As Phil points out, the report gets even more interesting as you dig deeper. While the press keeps ranting about the millions of jobs “destroyed,” we’ve tried to point out that unlike past recessions, where jobs lost were ones from companies either going bust or severely and semi-permanently slimming down, this time around, many of the jobs “lost” could be more accurately described as “furloughed.” Furloughed, by the way, into the arms of the federal government’s significantly enhanced unemployment rolls. In fact, according to the April report, 90% of the jobs lost were described as “temporary” losses, not permanent ones. That is, most of these jobs, per the report, are expected to be reinstated once the economy comes back on line. Some of these won’t, for sure, but many will. For the headline writers, someone might think about this potential headline: “First Time in History: Virtually All of April’s Job Losses Were Temporary, Not Permanent.”
The winners and losers are being culled
Another optimistic note: the “market” rising in the face of weak economic numbers is in some measure a misread of what is really happening. In fact, beneath the covers, the “market” is actually doing a reasonable job, in our view, of beginning to distinguish the winners and losers that will emerge in the choppy recovery ahead. On average, this has caused “the market” to rise modestly (about 6%) over the past four weeks—following its fierce comeback once the Fed starting removing the meltdown scenario in March. But the path to this +6% return has hardly been uniform. Big winners, such as online retailer Amazon, cloud-beneficiary Google or stay-at-home and fix-the-house retailer Home Depot, are up 16%, 15% and 17%, respectively. And some “new economy” smaller names are up more; for instance, virus vaccine developer Moderna rose 79% in the last month as more good data came in on its new Covid vaccine. On the other hand, airline operator American Airlines is down another 21% off its previous 60% decline, with even the great sage Warren “Never Buy an Airline” Buffet throwing in the towel on airlines’ future, yet again. And mall-based department store Nordstrom’s tacked another -17% onto its earlier 48% decline as sales plummeted and the long-term outlook for mall-based retail darkened.

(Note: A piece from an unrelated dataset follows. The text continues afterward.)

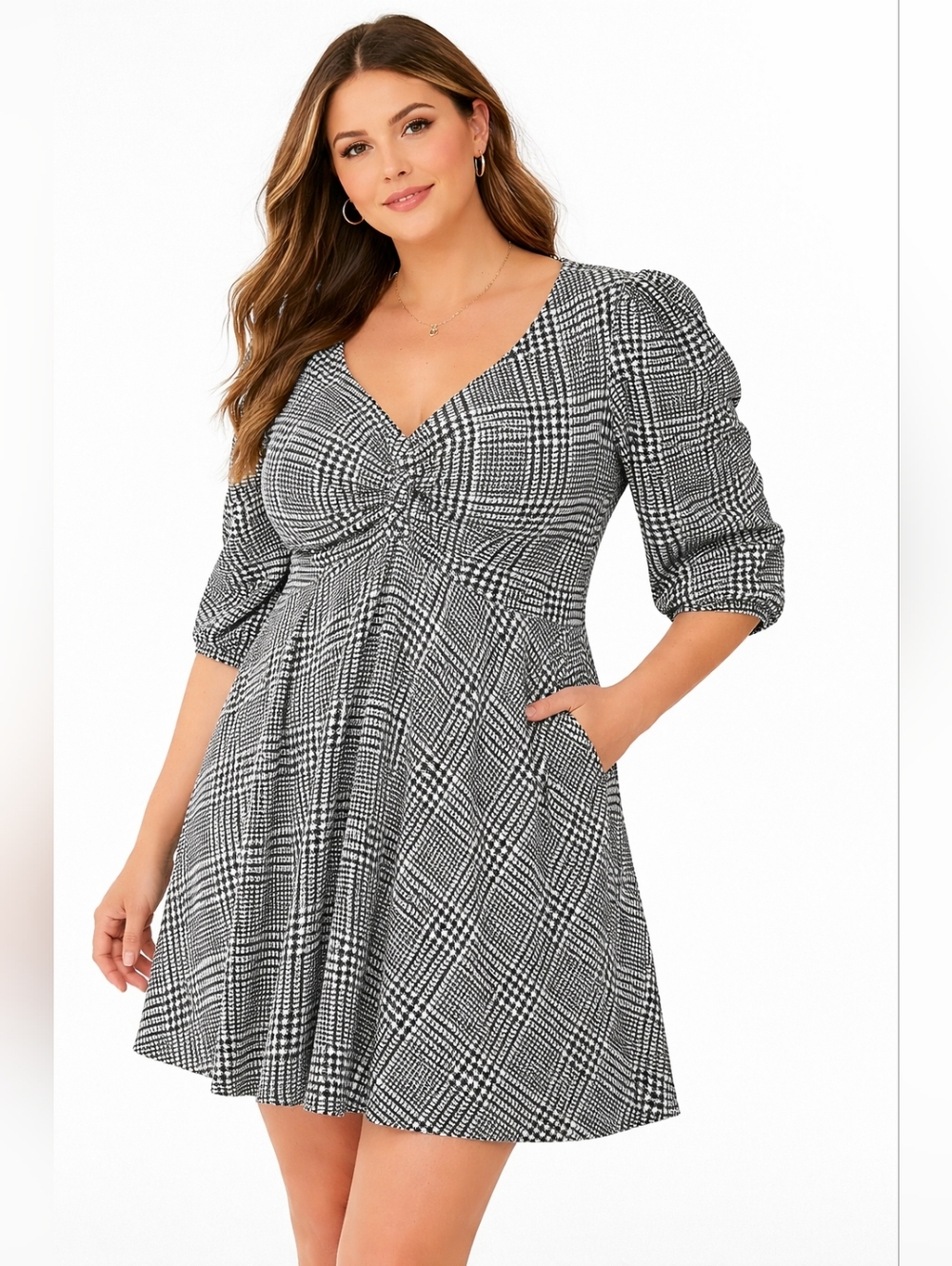 Torrid Size 4 Black White Plaid Houndstooth Wrap Dress 3/4 Sleeve Plus Size.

As hinted above, the fundamentals for the aforementioned winners have improved substantially over the last few months, while those for the losers have declined. Maybe the market isn’t as “dopey” as the commentators think. Maybe it’s actually starting to try to separate the winners from the losers, i.e., do what it’s supposed to do. What it hasn’t done much of late is follow the exchange-traded fund (ETF)/Index-driven world of rising tides lifting all boats. At Federated Hermes, our equity investment teams continue to focus on just this: finding and investing in what we believe to be the likely winners in the new post-Covid world, and avoiding the likely losers. “Don’t hug the benchmark,” our normal operating mode as active managers, has become our mantra. So far, it’s working. So as the market makes time in the months ahead, watch what is happening beneath the surface. A violent winners and losers game has emerged. More than ever, being in the right stocks will mean more than being in stocks.